- [PROBLEM TO SOLVE]
Copy only what lies from the line containing "扭蛋 生物大圖鑒系列 锹形蟲 扭蛋系列 第三彈 500日元（HCP-75385）" through the line containing "Support-dog.jpg" in the entries below, keeping both end lines exact and dropping every picture.

- [DATA FOR ANALYSIS]
----

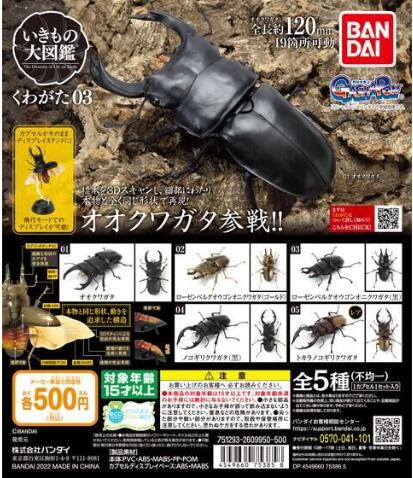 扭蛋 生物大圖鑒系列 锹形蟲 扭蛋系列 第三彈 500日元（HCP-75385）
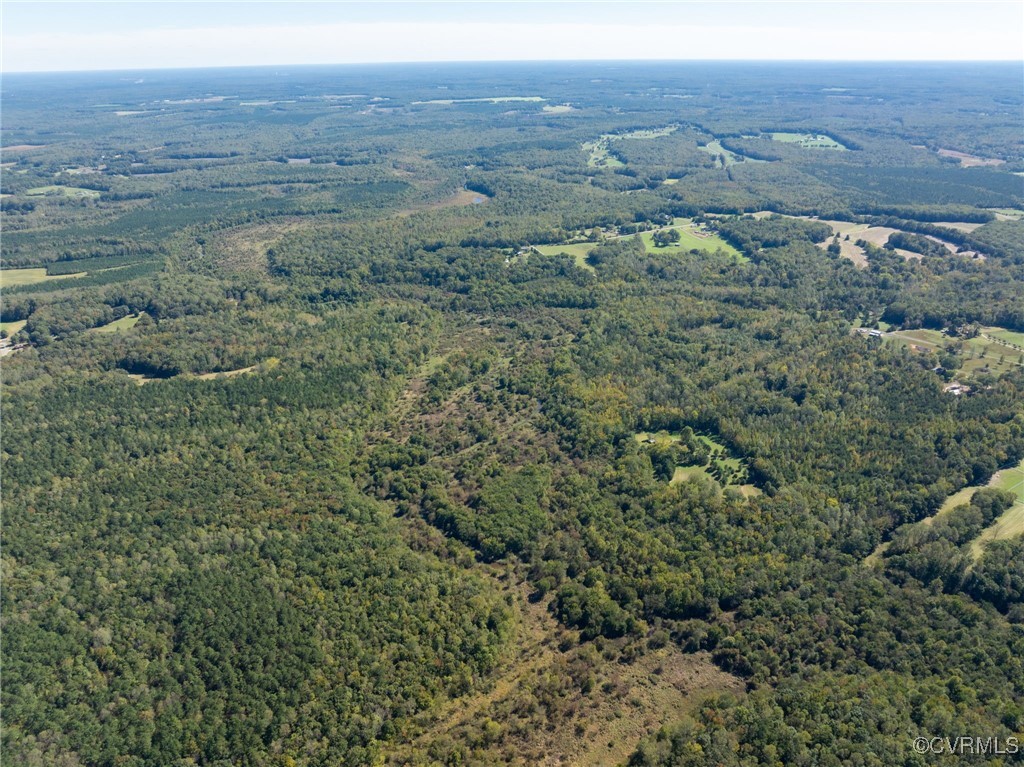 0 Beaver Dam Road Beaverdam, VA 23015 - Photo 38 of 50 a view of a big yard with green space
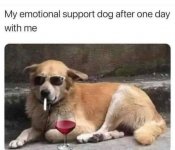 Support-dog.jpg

----

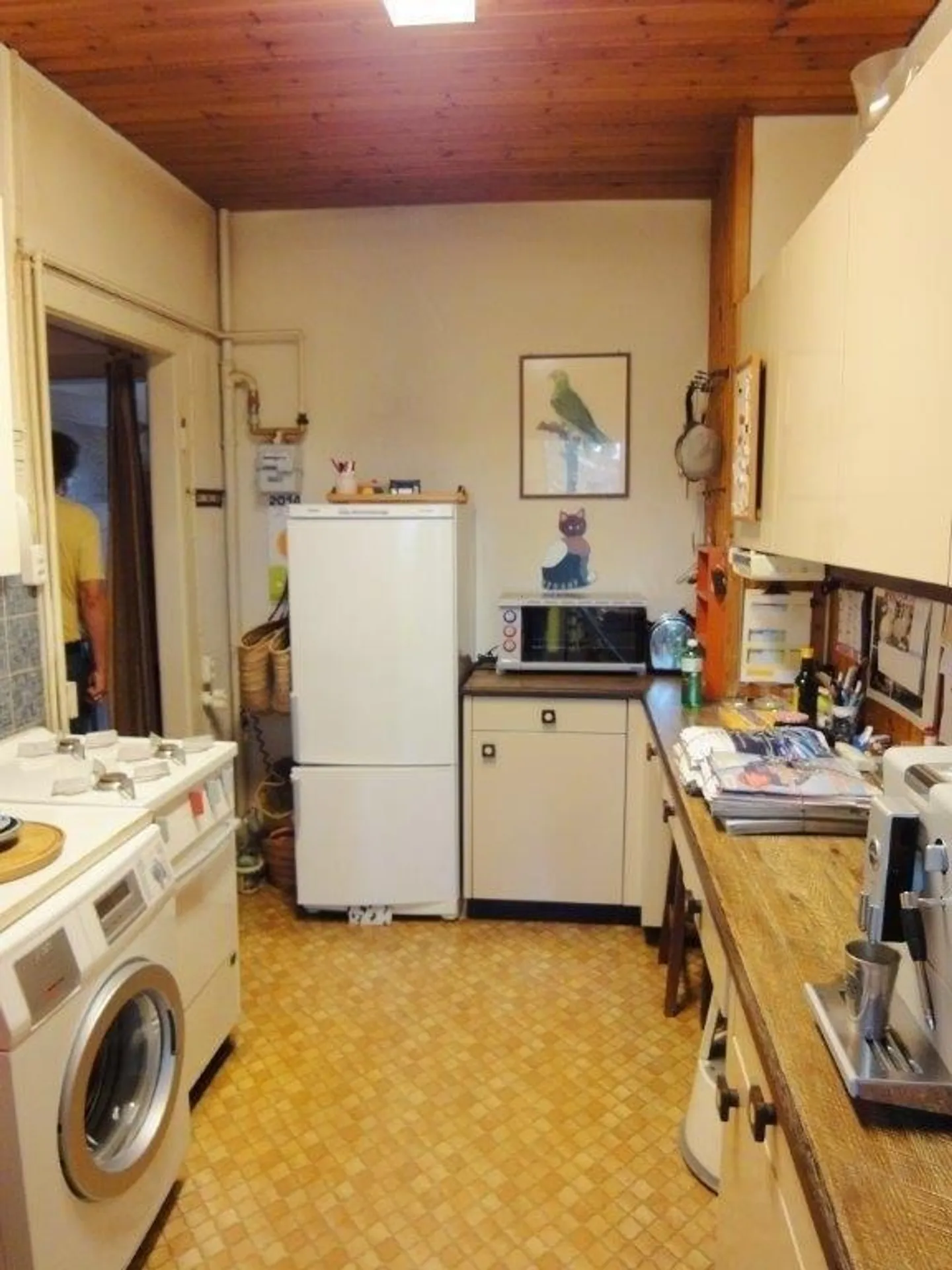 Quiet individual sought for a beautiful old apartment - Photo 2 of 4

----

- [EXERCISE RESPONSE]
 扭蛋 生物大圖鑒系列 锹形蟲 扭蛋系列 第三彈 500日元（HCP-75385）
 0 Beaver Dam Road Beaverdam, VA 23015 - Photo 38 of 50 a view of a big yard with green space
 Support-dog.jpg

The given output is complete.